In due mesi ha mangiato solo biscotti, per due volte, mentre da diversi giorni non beveva acqua. Albino Quazzoli è ricoverato in ospedale e accetta, seppur con fatica, di raccontare queste settimane passate lontano da casa, solo in una stanza abbandonata dell’ex Polenghi. È magrissimo, la voce un sussurro quasi impercettibile. Vicino al suo letto c’è il fratello, una nipote, ma soprattutto c’è l’uomo che lo ha salvato quando ormai nessuno ci sperava più, Edoardo Carrera, dipendente Newlat, suo amico di vecchia data ed ex collega. Lunedì è stato lui a salire nelle stanze sopra l’ex portineria e a trovare il giaciglio fatto di cartoni e stracci su cui era sdraiato Albino. «Attraverso il vetro della porta avevo visto che in terra, al piano terra, mancavano alcune fotografie che erano sempre state lì e mi sono insospettito - spiega -. Ho pensato: “qui c’è qualcuno”, e così sono salito a controllare». Quelle foto le aveva prese proprio il 64enne, non è chiaro per quale motivo: questo è solo uno dei “misteri” che ancora avvolgono questa vicenda e che forse verranno risolti solo con il tempo.

È lo stesso Albino Quazzoli, quindi, 64 anni residente in via Marescalca, padre di due figli, a raccontare come sia finito in quei locali. «Volevo andare a Sordio, a trovare mia figlia e mio nipote, e così sono arrivato a piedi fino a Tavazzano, lungo la via Emilia.

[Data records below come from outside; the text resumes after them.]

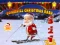 Peli Downhill Christmas Dash verkossa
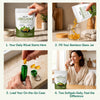 Oil of Oregano and Black Seed Oil Softgels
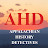 AHD - Appalachian History Detectives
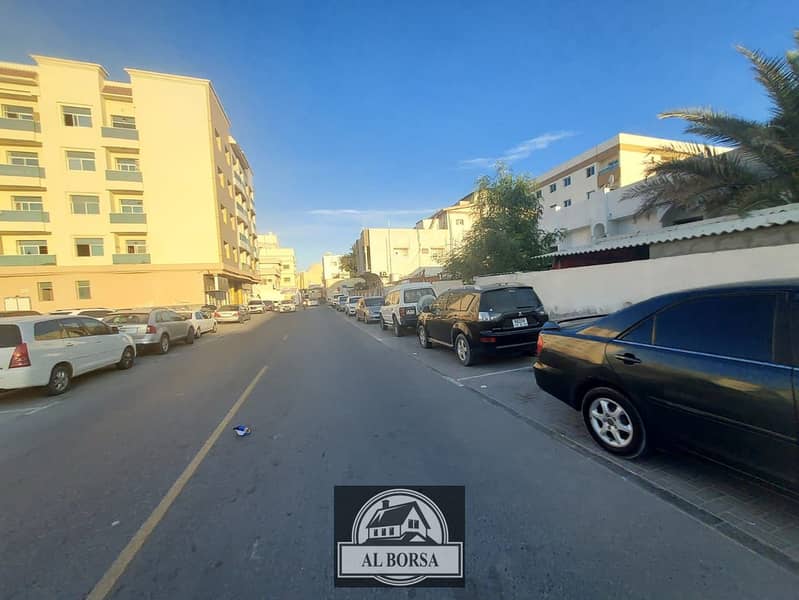 10000 قدم زاويه شارعين تملك ارض سكني تجاري بموقع مميز جداً بعجمان النعيميه 1 شارع الكويت - فرصه لبناء بنايه ارضي + 4 طوابق قابل ارتفاع 10000 قدم زاويه شارعين تملك ارض سكني تجاري بموقع مميز جداً بعجمان النعيميه 1 شارع الكويت - فرصه لبناء بنايه ارضي + 4 طوابق قابل ارتفاع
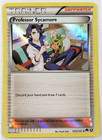 Professor Sycamore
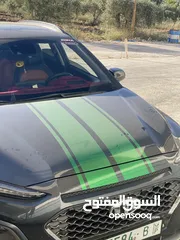  6 هيونداي كونا 2019 ملخص 18 للبيع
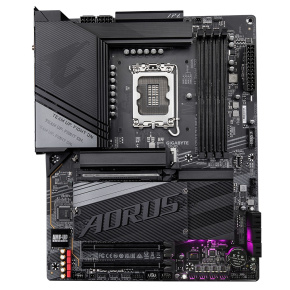 GIGABYTE Z790 AORUS ELITE X WIFI7/LGA 1700/ATX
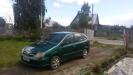 Nissan Almera Tino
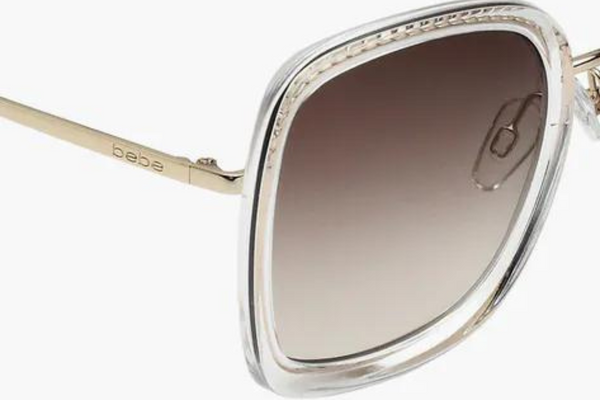 Bebe Sunglasses BB 3041 C1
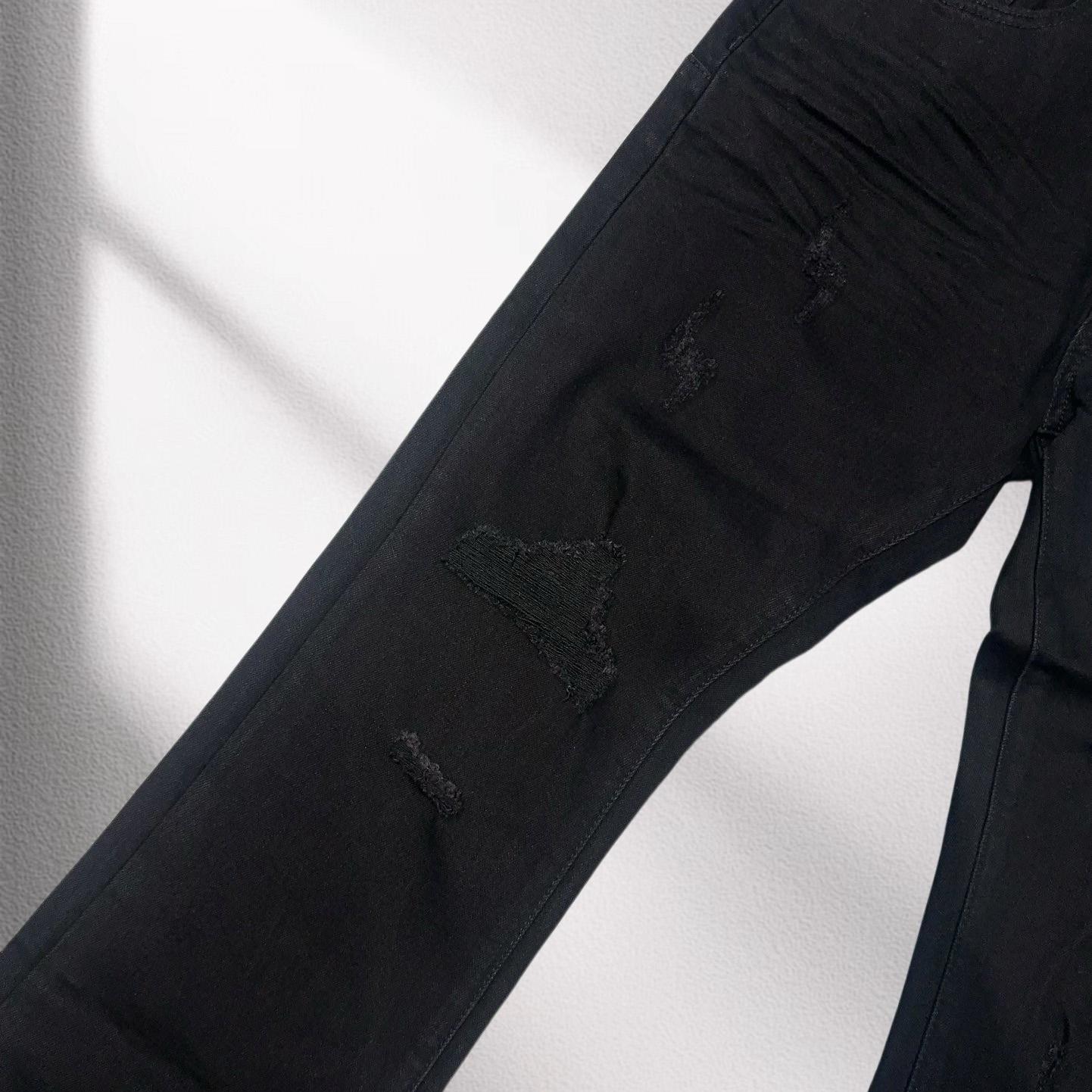 Purple-Brand Jeans   1368 - DesignerGu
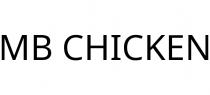 MB CHICKEN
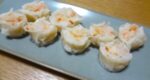 あさイチのレシピ• シューマイ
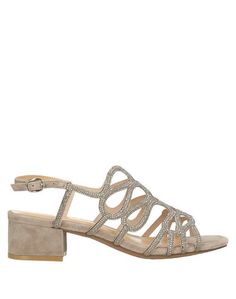 Сандалии Alma EN Pena.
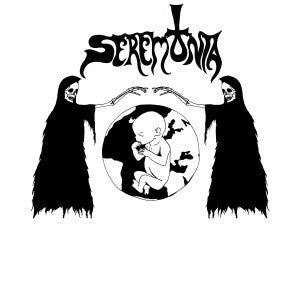 Seremonia : Seremonia (LP, Album)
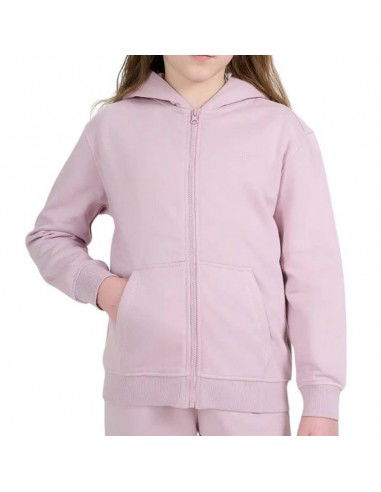 4F Jr sweatshirt 4FJWAW25TSWSF1952 56S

Ma poi ha cominciato a piovere, mi sono bagnato tutto, e così sono tornato indietro. Quando ho visto la Polenghi sono entrato». E da lì non è più uscito. Nei primi tempi lo hanno aiutato alcuni operai che stavano smantellando gli ultimi capannoni Parmalat, che gli hanno portato, forse scambiandolo per un senzatetto, alcune confezioni di biscotti. Poi questi hanno finito il lavoro e sono andati via, chiudendo tutti i cancelli, senza dire nulla a nessuno di quell’uomo.

«In tutti questi giorni ho mangiato solo per due volte, sempre biscotti» racconta ancora Albino Quazzoli. Per l’acqua, invece, ha usato quella dei bagni al piano terra. «Ma ormai penso che fossero due settimane che non riuscivo più ad alzarmi e non avevo acqua», anche se forse i giorni e le notti passate senza potersi muovere, solo e senza niente, gli hanno fatto perdere la cognizione del tempo. Si ferma un attimo, sospira, poi aggiunge: «Non ci speravo più, non pensavo che qualcuno riuscisse a trovarmi. Sabato ho provato ad alzarmi e a scendere, ma sono caduto e così sono tornato indietro. Lì avevo perso le speranze».